Eine Friedenskonferenz in Genf – weshalb es nicht wenigstens versuchen?

 

Schon erstaunlich, wie die SP-Fraktion im National- und Ständerat die Kurve gekriegt hat von einer Partei, die eben noch jegliche Waffenlieferungen in Kriegsgebiete bekämpft hatte, hin zu einer Partei, welche die Lieferung von Schweizer Rüstungsgütern aus Ländern wie Deutschland, Schweden oder Spanien an die Ukraine ermöglichen möchte.

Noch erstaunlicher aber ist die Argumentation, mit der dieses Unterfangen begründet wird. So sagte die SP-Vertreterin Priska Seiler Graf in der Nationalratsdebatte: „Die Ukraine verteidigt unsere Werte.“ Interessant. Ich habe gar nicht gewusst, dass schweizerische und ukrainische Werte so sehr übereinstimmen. Habe ich etwas falsch verstanden? Oder ist es Priska Seiler Graf entgangen, dass die Ukraine eines der korruptesten Länder Europas ist? Ist ihr entgangen, dass die ukrainische Regierung alle oppositionellen Parteien, Fernsehstationen und Zeitungen verboten hat? Ist ihr entgangen, dass 2019 ein Sprachengesetz in Kraft gesetzt wurde, welches das Ukrainische zur alleinigen Amtssprache erklärt und die Verwendung der russischen Sprache in der Öffentlichkeit unterbindet? Ist ihr entgangen, dass sämtliche Werke russischer Autorinnen und Autoren aus den Bibliotheken der Ukraine entfernt wurden und dass die öffentliche Aufführung musikalischer Werke russischer Komponistinnen und Komponisten verboten worden ist? Und ist ihr entgangen, dass eine nicht unerhebliche Anzahl politischer und militärischer Exponenten der Ukraine auch heute noch den nationalsozialistischen Politiker Stepan Bandera glorifiziert, welcher im Zweiten Weltkrieg mit der deutschen Wehrmacht zusammengearbeitet hatte und unter anderem für Verhaftungen und Massenhinrichtungen von Juden und Jüdinnen mitverantwortlich gewesen war?
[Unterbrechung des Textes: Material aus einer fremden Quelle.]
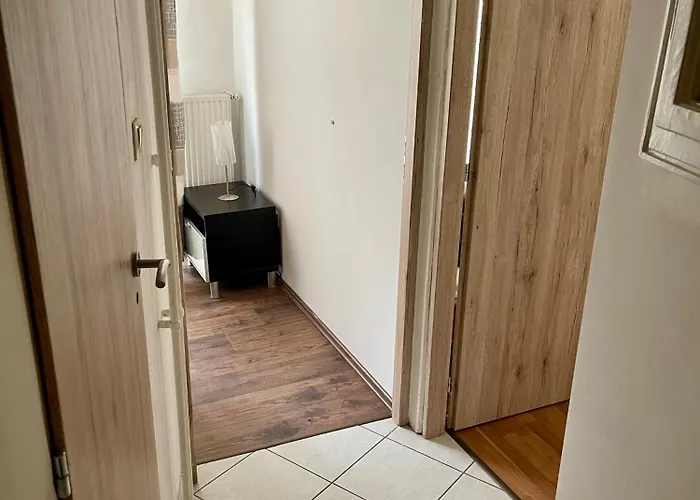 Apartmán Great King Budapešť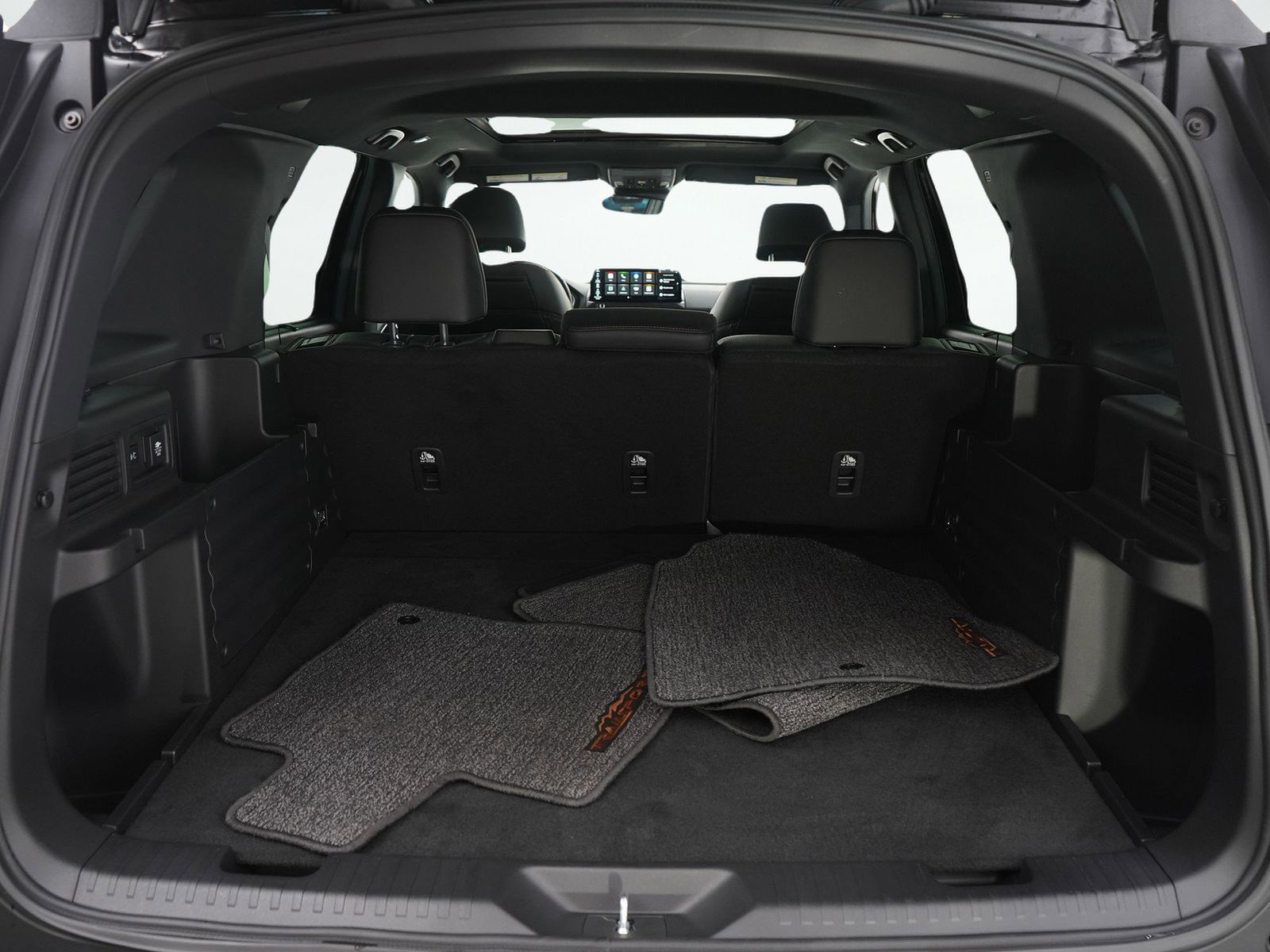 Used 2026 Honda Passport TrailSport Elite image 9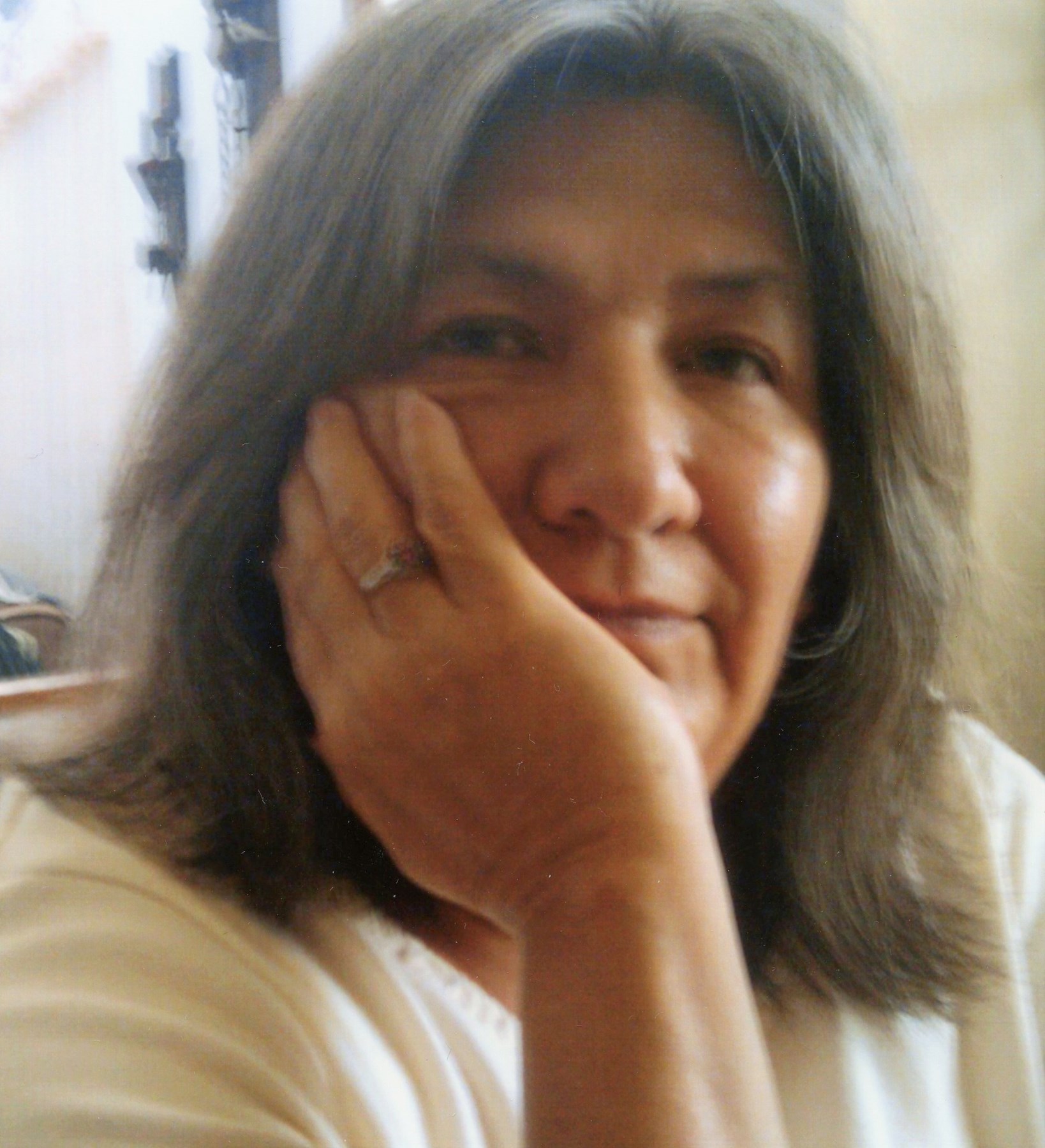 Obituary of Cecilia Arbogast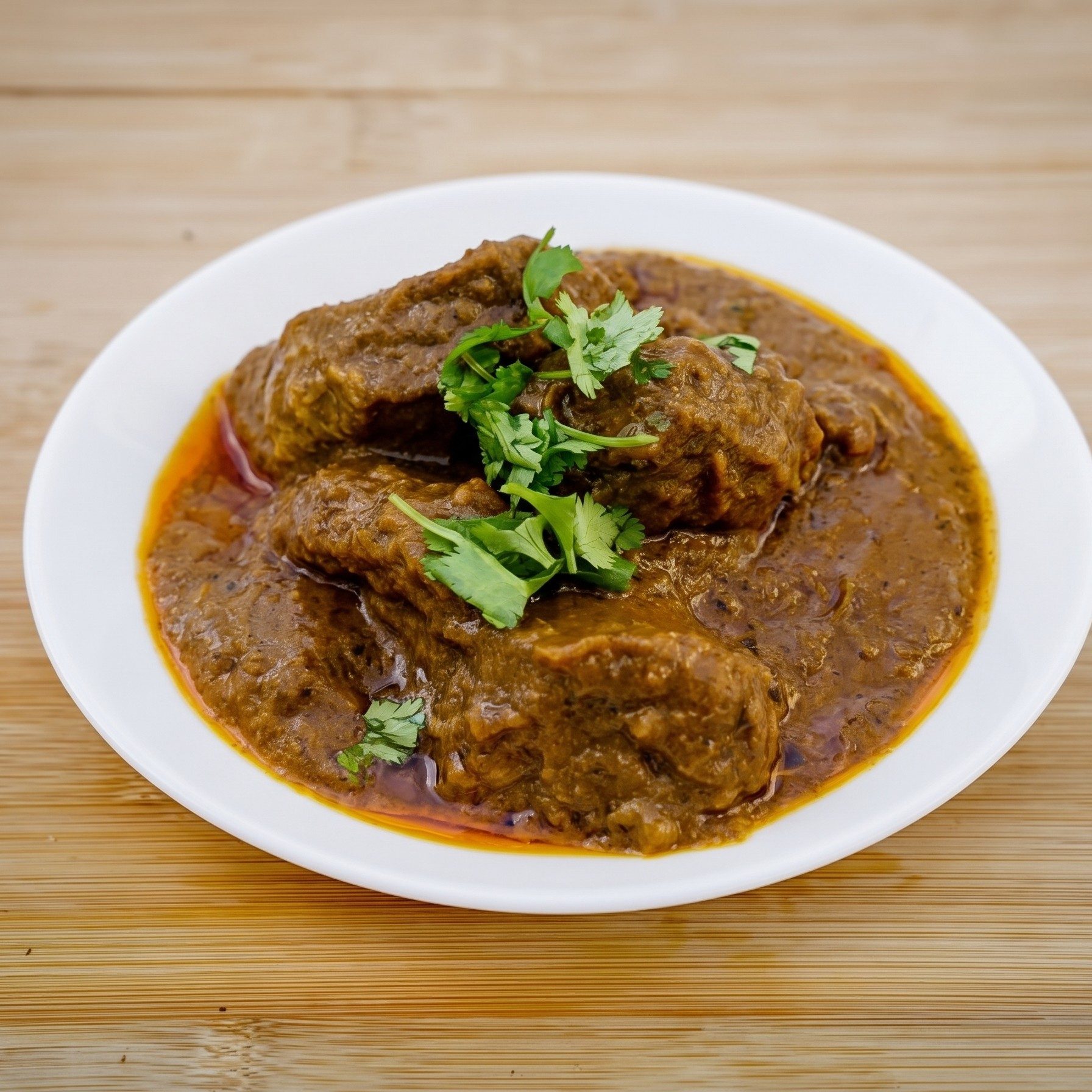 Nihari.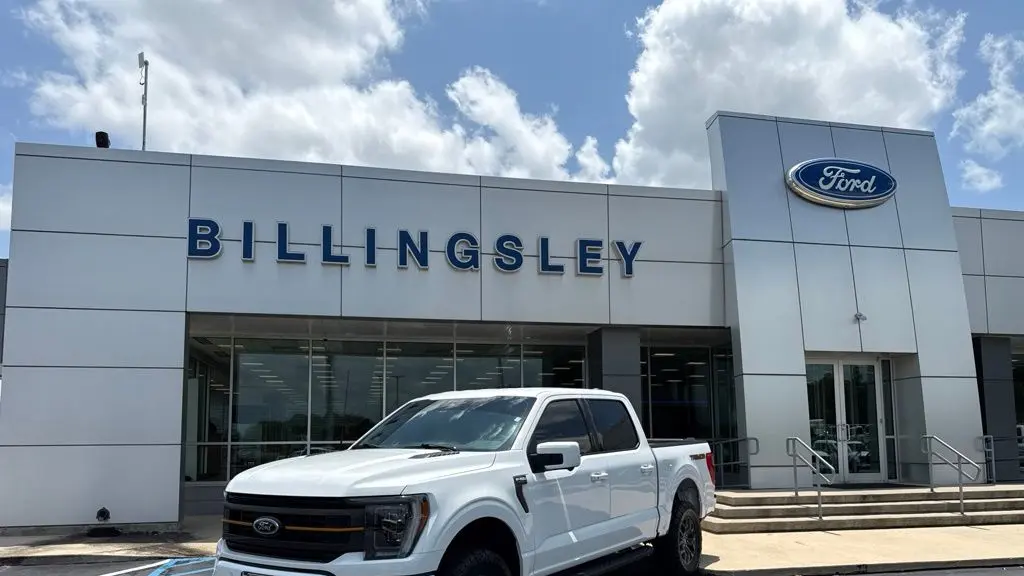 Preowned 2022 Ford F-150 Tremor for Sale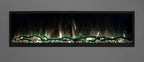 Modern Flames flame color
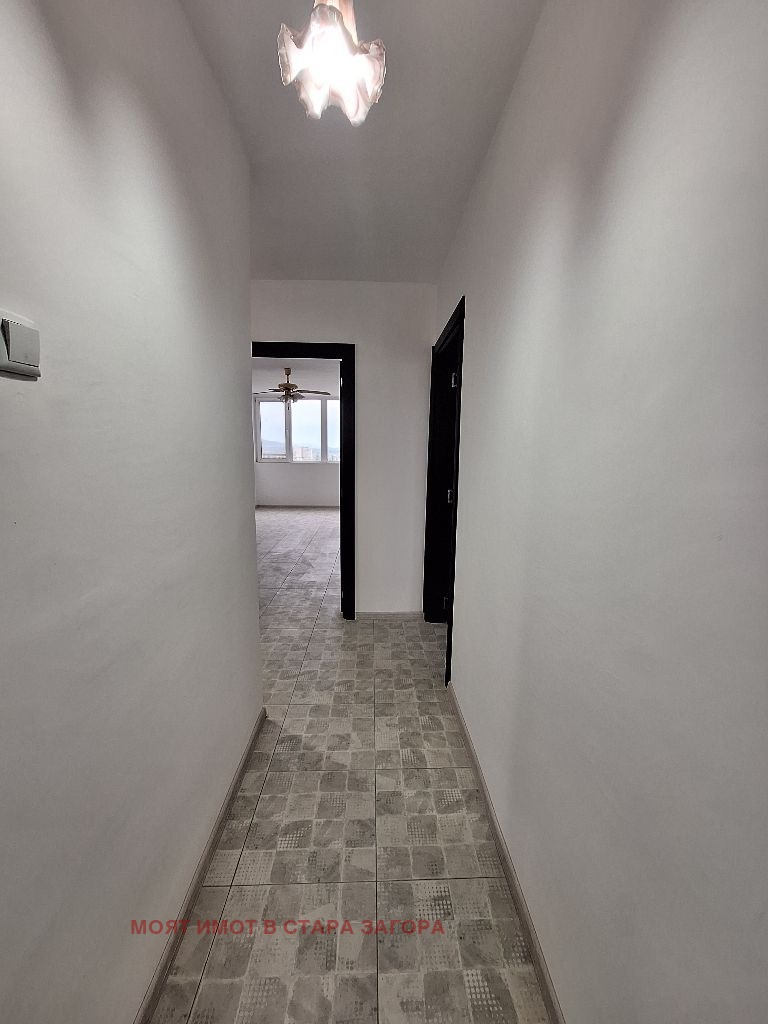 На продаж  3 кімнатна Стара Загора , Три чучура - център , 79 кв.м | 84496798 - зображення [5]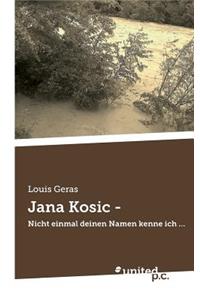 Jana Kosic -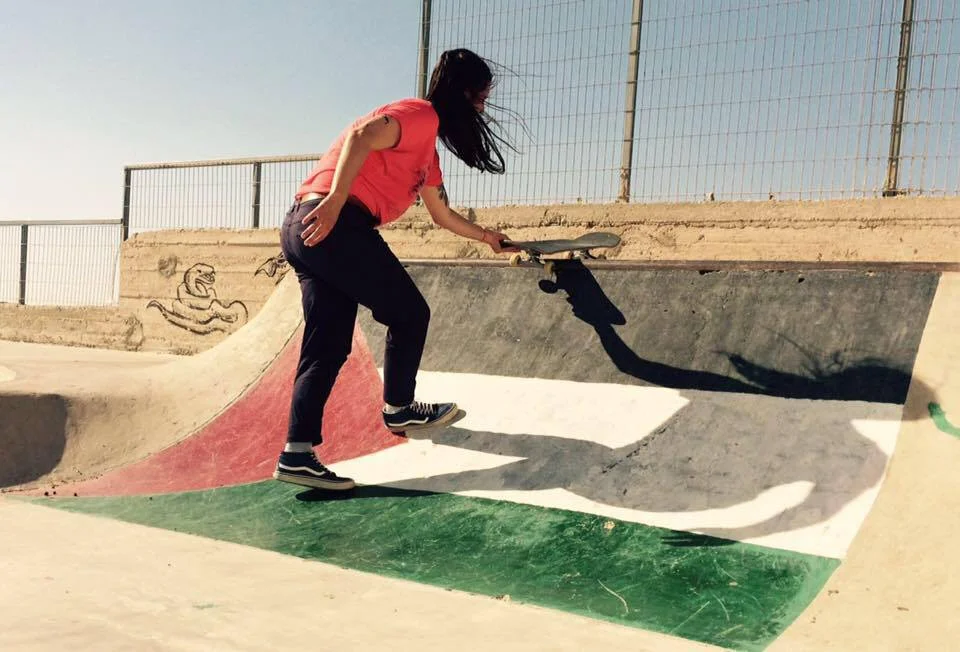 Dani Abulhawa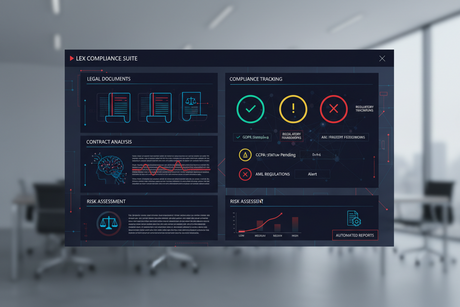 Compliance Automation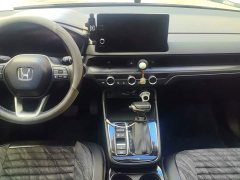 Honda CR-V 2023 240TURBO FWD Luxury 5-Seater - ფოტო 12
Und dies alles sollen also Werte sein, welche die Ukraine und die Schweiz miteinander teilen?

Aber selbst wenn sich die ukrainischen und die schweizerischen Werte noch so sehr gleichen würden, wären Waffenlieferungen an die Ukraine immer noch nicht zu befürworten. „Wenn jemand glaubt, dass er Benzin einsetzen muss, um ein brennendes Haus zu löschen, dann ist er einfach ein Idiot“ – der das sagte, ist nicht etwa Putin oder einer seiner Generäle. Es ist Maxim Goldarb, Vorsitzender der Union der linken ukrainischen Kräfte, einer jener Organisationen, welche von der ukrainischen Regierung verboten wurden. In der Tat: Angesichts sinnloser Zerstörung und Gewalt, der Tag für Tag Hunderte von Menschen zum Opfer fallen, gibt es nur eine einzige vernünftige Alternative: einen sofortigen Waffenstillstand und Friedensverhandlungen, um weiteres Blutvergiessen zu beenden.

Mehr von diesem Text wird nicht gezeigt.